少云努力伸长她的小短手,将他身后的一缕白发给拿到两人的面前:“你的脸皮也忒厚了。”
她又不瞎,人间这种头发黑白相间之人,起码三四十了。让她叫哥哥?当人爹还差不多。
“你叫我哥哥,我请你吃东西。”
嘁,她什么好东西没吃.......过。
“好吃的冰糖葫芦儿——不好吃,不要钱咧——”一个扛着草垛子的小贩从街角转过来,那草垛子上,上面插满了红彤彤的山楂冰糖葫芦。一颗颗圆溜溜的山楂裹着晶莹剔透的糖壳,在略显阴沉的天色下,像一串串小小的红灯笼,散发着无比诱人的光泽和甜香。
那扛着草垛子的小贩似乎格外有眼力见儿,本来都路过了。
一个戴着诡异面具、抱着个穿得像个大红灯笼的年画娃娃的高挑男子实在过于扎眼,他竟又绕了回来,吆喝声洪亮,带着市井特有的热络与诱惑。
少云的小嘴巴兜不住疯狂分泌的口水,一滴晶莹清亮的液体成线体落下。
那草垛上的糖葫芦,那必然是酸酸的,甜甜的。
然后一串糖葫芦就到她手里了。
少云嘴里嘀嘀咕咕,“谁喜欢这个。”
她上嘴就是一口,果然好吃!
拐子必备,胆大心细脸皮厚,必然是需要用吃的哄骗小孩儿。
这个戴面具的拐子遇上她,算他倒大霉。
等她吃饱喝足,摸清情况,找准机会,非得叫他……呃,人财两空?好像哪里不对?不管了,反正不能让他好过!
抱着“吃垮拐子,为民除害”的伟大志向,少云的糖葫芦很快只剩光杆,她舔了舔沾着糖渣的手指,意犹未尽。小脑袋一转,乌溜溜的眼睛开始扫视街边其他摊贩。
“这个,这个,还有这个。”少云在他怀中一通乱点,不管香的臭的啥都要尝尝咸淡。
“那个!那个黑乎乎的,切一块尝尝!”她指着卤煮锅里翻滚的肥肠。
面具人脚步顿了顿,目光似乎在她肉乎乎的小脸和卤煮锅之间逡巡了一下,但还是走了过去,买了一块最小的。

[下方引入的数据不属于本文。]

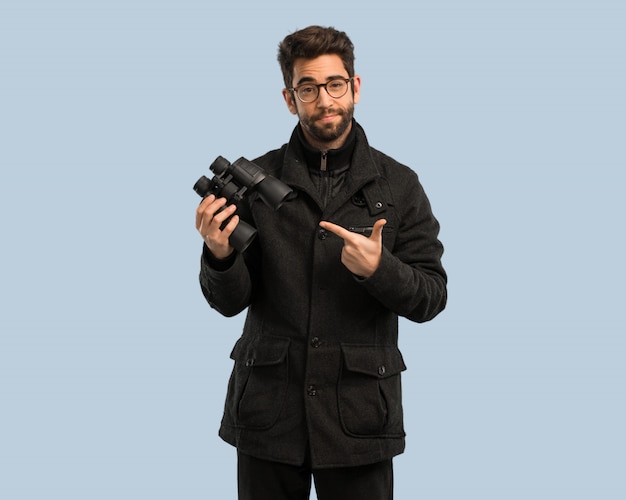 Young man holding a binoculars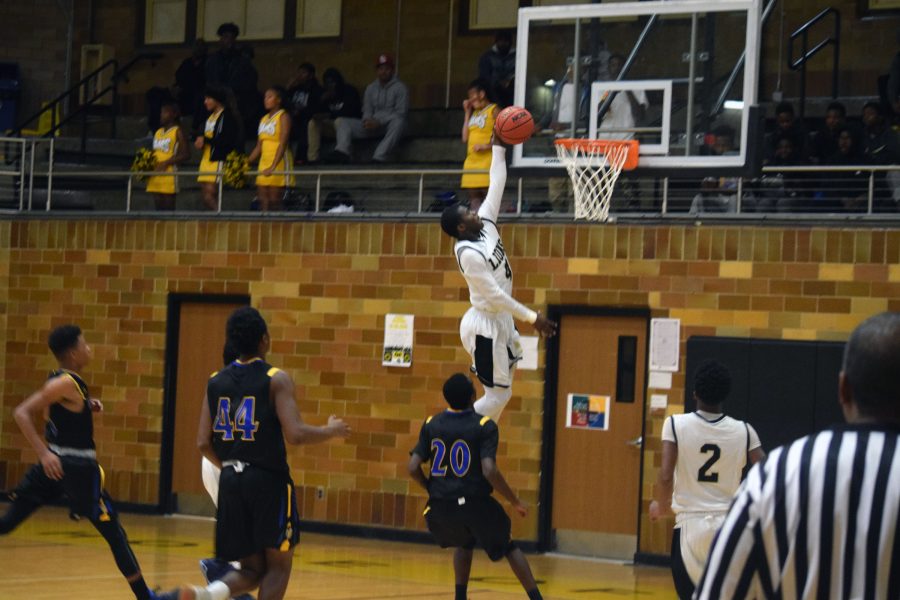 Senior, T.J. Crockett goes up for a dunk against Riverview on Thursday, Dec. 8. 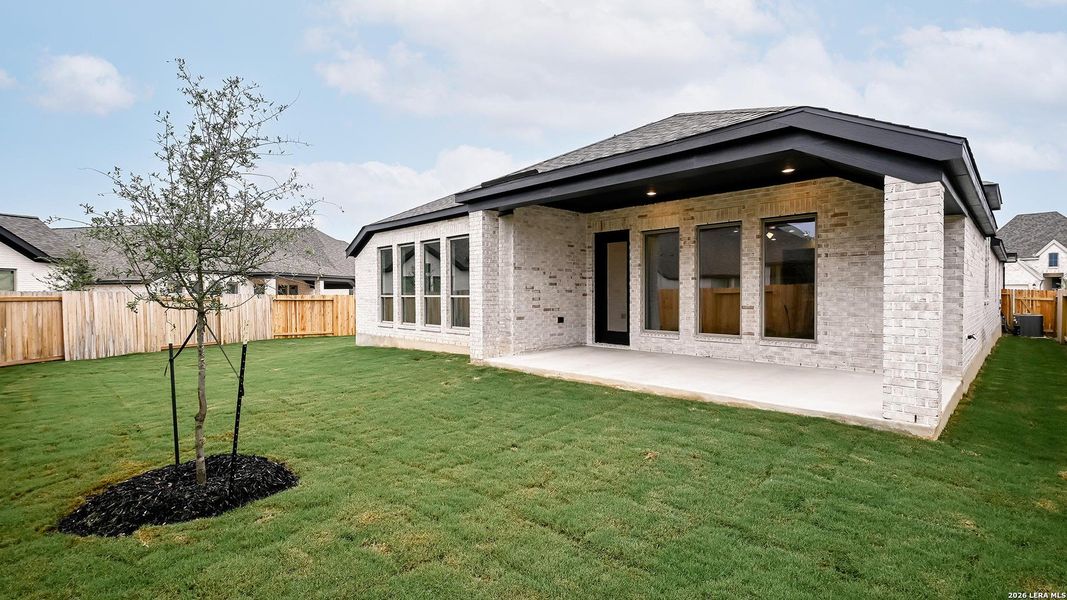 Exterior details and patio area of a home in Meadows of Mill Creek, Seguin (Image 18). Exterior details and patio area of a home in Meadows of Mill Creek, Seguin (Image 18).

少云接过,嗅了嗅,皱了皱小鼻子,但还是勇敢地咬了一口。嗯……味道有点怪,但咸香入味,居然不难吃?她又咬了一口。
就这样,少云在面具人的怀里指挥若定,几乎把整条街的小吃感兴趣的尝了个遍。面具人也由着她,不问价钱,不问多少,她指什么就买什么,沉默地付钱,沉默地抱着她穿梭在逐渐拥挤的人群中,偶尔调整一下手臂的姿势,让她吃得更舒服也更欢快。
吃饱喝足,身体暖和了,小肚子也鼓了起来,幼童的身体精力有限,少云的上下眼皮开始打架,小脑袋一点一点,手里的半块芝麻饼也快拿不住了。
“困了。”
“昂。”
“那我们回家。”
“你认识我吗,就让我跟你走?”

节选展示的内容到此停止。